Govern the Country by Technology in Taiwan

Recently, Taiwan government promotes several policies of technology from different perspectives to govern the country, such as eID, digital signature and technology investigation, trying to learn from Estonia and to transform into an advanced country governed by technology.

A. eID

A new policy of using New eID in 2021 is promulgated in Taiwan and it will replace the traditional ID card, which introduced in 1946, is simply a paperboard with basic bio and a barcode. With pride and in defense, Taiwan government boasts eID likelihood with Estonia Digital Identity Card. However, a significant difference between those two is grossly hidden from the public – information security and transparency.

The eID in Taiwan and in Estonia is functionally similar. They both are personal identification with digital signature and could combine with healthy insurance and tax files. Moreover, Taiwan eID contains photo, signature, date and location of birth, marriage status and spouse’s name and household information. If a governmental staff got your ID number, he/she can get all yours and your families’ information through the system. Since so much information contained in eID that it raises lots of concerns about information security and privacy. For example, Estonia used "X-Road" database, a cross-platform and non-centralized database to store people's information in each department independently. A government or company can get people's information with that person's authority. Also, Estonia has established an open-source monitoring system that allows the public to know what government agency, at what time, and what information has been checked. However, this monitoring system does not exist in Taiwan as well as the Taiwan government fail to disclose how the information will be used and stored in eID. Transparency here seems does not exist.

Not until Interpretation No. 603 of the Constitutional Court was released in 2005 did the Taiwanese government stop collecting fingerprints as renewing ID cards for the people. It’s clear that people have the right to determine what and how their personal information to be used. But now, the new eID policy seems to be ignoring all the concerns without any justifiable explanation.

B. Digital Signature

There are three essential characteristics of the digital signature: integrity, authentication, and non-repudiation. While concerning the safety of Digital Signature, two things come to our mind first: verification and encryption. The “Electronic Signatures Act (ESA)” in Taiwan was promulgated in 2001, and although the government alleges that the legislation follows the ETSI TR 102 038 Technical Report of EU, the troublesome truth is the certification agencies in Taiwan are private companies. It shouldn’t be some companies with such power to access people’s information without disclosing how they dealing with them.

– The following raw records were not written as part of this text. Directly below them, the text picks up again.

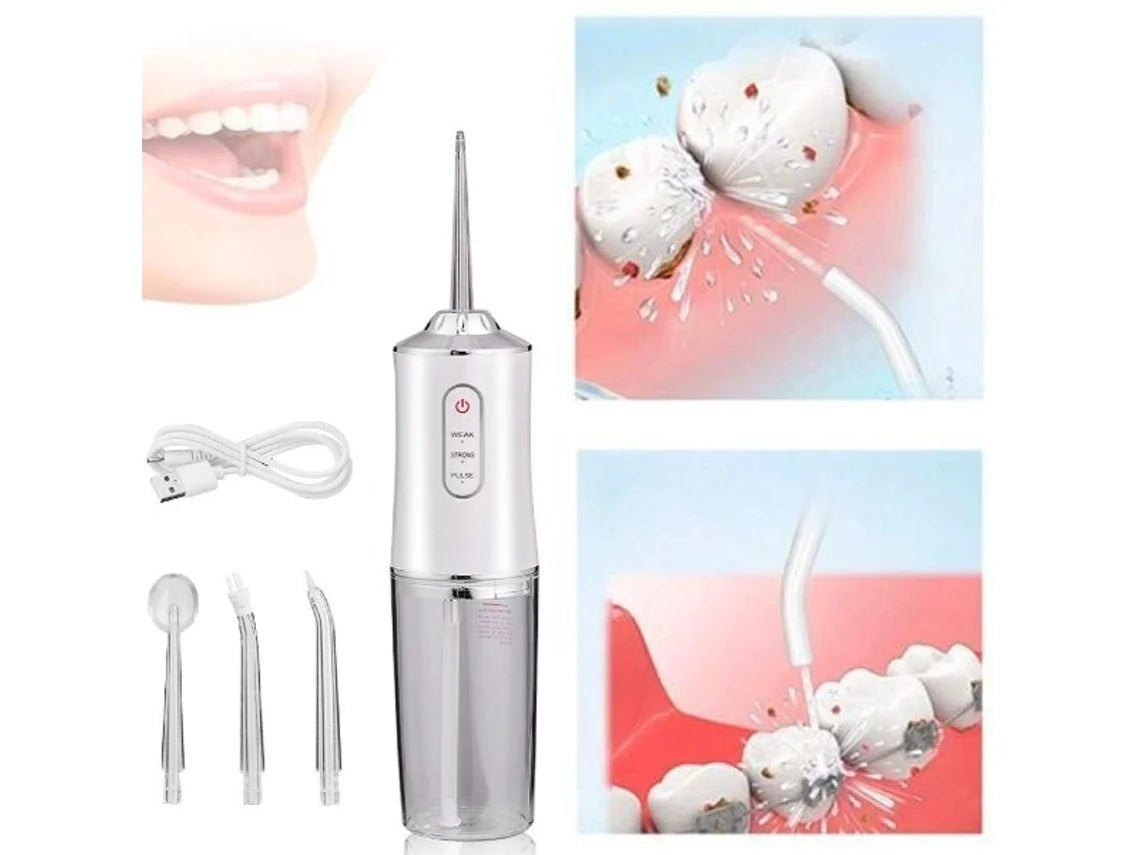 Irrigador Bucal Oral 4 Cabezas🦷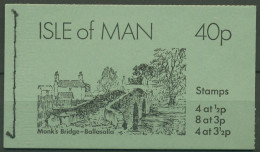 Isle Of Man 1973 Sehenswürdigkeiten Markenheftchen MH 0-6 Postfrisch (C61033) - Man (Ile De)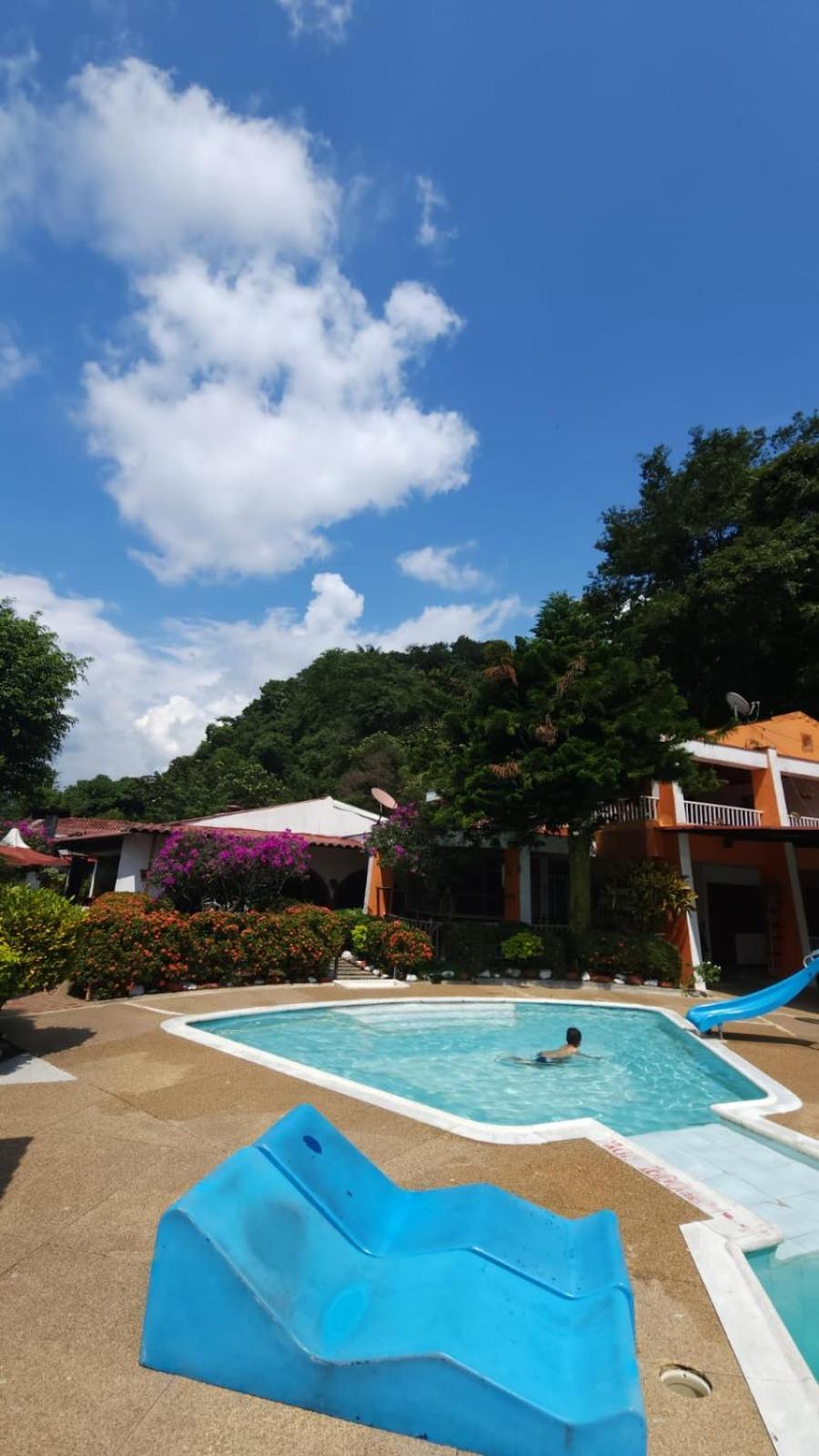 Balneario Chorillano Hotel Villavicencio Luaran gambar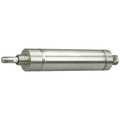 Speedaire Air Cylinder, 2 in Bore, 1 in Stroke, Round Body Double Acting 5ZEG1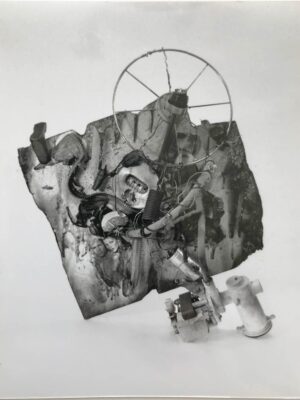 Kim Engelen, Aftermath No. 8, Photograph 12 (Aftermath Sculpture No.3), 1993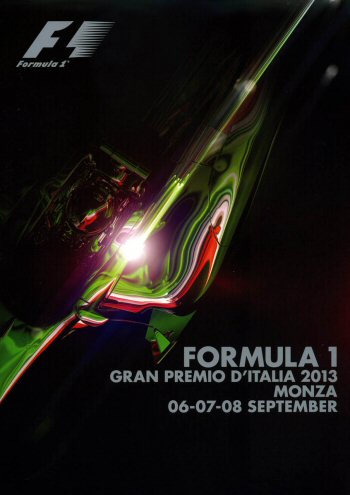 GP. F1 Italia 2013 Poster del Gran Premio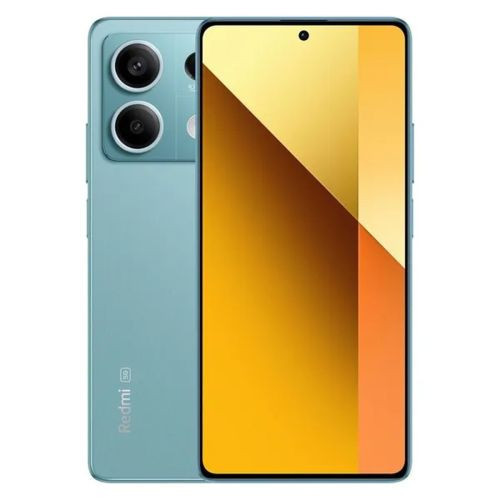 Xiaomi Redmi Note 13 5G Dual SIM 8GB RAM 256GB With Charger Teal EU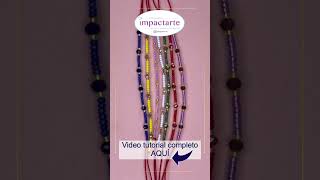 SEMANARIO en MOSTACILLAS shorts pulsera diy [upl. by Lune]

The new eID also contains digital signature. There are two major concerns: one is the digital signature might be mixed up with identity certification; the other is that the ESA hasn’t been modified for 20 years and only regulates one encryption method: Public Key Infrastructure. Basing eID on the outdated and narrowly legislated ESA is troublesome because it creates tremendous legal uncertainty around the many other encryption methods which is widely used yet unregulated. In addition, it must be clear how to separate the identity certification and digital signature while using eID.

C. Technology Investigation

The third technology policy Taiwanese government promotes is “technology investigation.” The Ministry of Justice asserts that the only object of the investigation is “criminal;” however, people are afraid that the Technology Investigation would become another Martial Law, which terminated in Taiwan in 1994 and many people still suffer from its shadow.

“Technology Investigation Act” on one hand regulates the due process of law enforcement’s usage of technology in investigation; on the other hand, it allows them to scout directly through people’s devices or other digital information. For example, law enforcement can intrude into people's smartphones and implant Trojans. They can monitor and obtain conversation texts, audios and photos, as well as control your devices remotely and secretly.

Therefore, we should not allow them to inspect people’s communication, not to mention setting up a back door on people’s devices. That would be totally a violation of privacy and autonomy.

Improving Information security by Education

While Estonia government talks about the e-Estonia by digital identity, digital signature and information encryption, ironically, Taiwan government talks about eID, digital signature and technology investigation.

Establishing digital ID cards and popularizing digital signatures is not the most important thing to become a digital country; the most important thing is to teach information encryption. Surveillance keeps people silent and deprive our dignity. Nonetheless, sadly Taiwan only carries out the first two methods, and forgets about data encryption intentionally or unintentionally.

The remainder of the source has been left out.